The output contains the parameters you need to use in later chunkflow command, such as patch number and output patch overlap.

This command will setup all the neccessary computational environment for the convolutional inference, you can then start your workers to consume the tasks in queue.

Naive Way

If you would like to control all the parameters your self, you can also use the generate-tasks to generate tasks directly with all your precalculated parameters. You have to setup the info files yourself. It will ingest the tasks to a AWS SQS queue if you define the queue-name parameter:

chunkflow generate-tasks --chunk-size 128 1024 1024 --grid-size 2 2 2 --stride 128 1024 1024 --queue-name my-queue

Log in your AWS console, and check the chunkflow queue, you should see your tasks there like this:


Chunkflow also provide a relatively smarter way to produce tasks using the existing dataset information. If you would like to process the whole dataset, we only need to define the mip level, and chunk size, all other parameters could be automatically computed based on the dataset information, such as volume start offset and shape. This is a simple example:

chunkflow generate-tasks -l gs://my/dataset/path -m 0 -o 0 0 0 -c 112 2048 2048 -q my-queue

Deploy in Local Computers

You can fetch the task from SQS queue, and perform the computation locally. You can compose the operations to create your pipeline.

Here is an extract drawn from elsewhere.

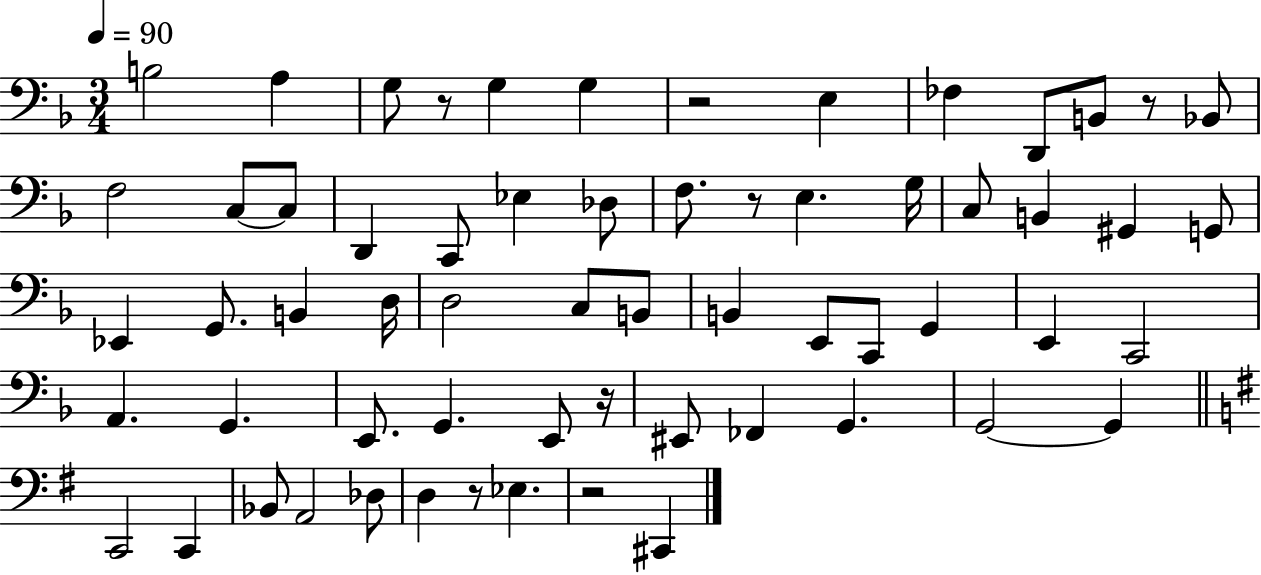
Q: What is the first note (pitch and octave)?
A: B3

Here is a simple example to downsample the dataset with multiple resolutions:

chunkflow --mip 0 fetch-task -q my-queue load-precomputed -v gs://my/dataset/path -m 0 --fill-missing downsample-upload -v gs://my/dataset/path --start-mip 1 --stop-mip 5 delete-task-in-queue

After downsampling, you can visualize the dataset with much larger field of view. Here is an example. Due to the limit of memory capacity of typical computers, we can not perform hierarchical downsampling from mip 0 to highest mip level in one step, thus we normally do in twice. For the first time, we perform downsampling from mip 0 to mip 5, than perform downsampling from mip 5 to mip 10.


If you forget adding the delete-task-in-queue operator in the end, it will still works, but the task in queue will not be deleted and workers will keep doing the same task! This is good for debug, but not good in production.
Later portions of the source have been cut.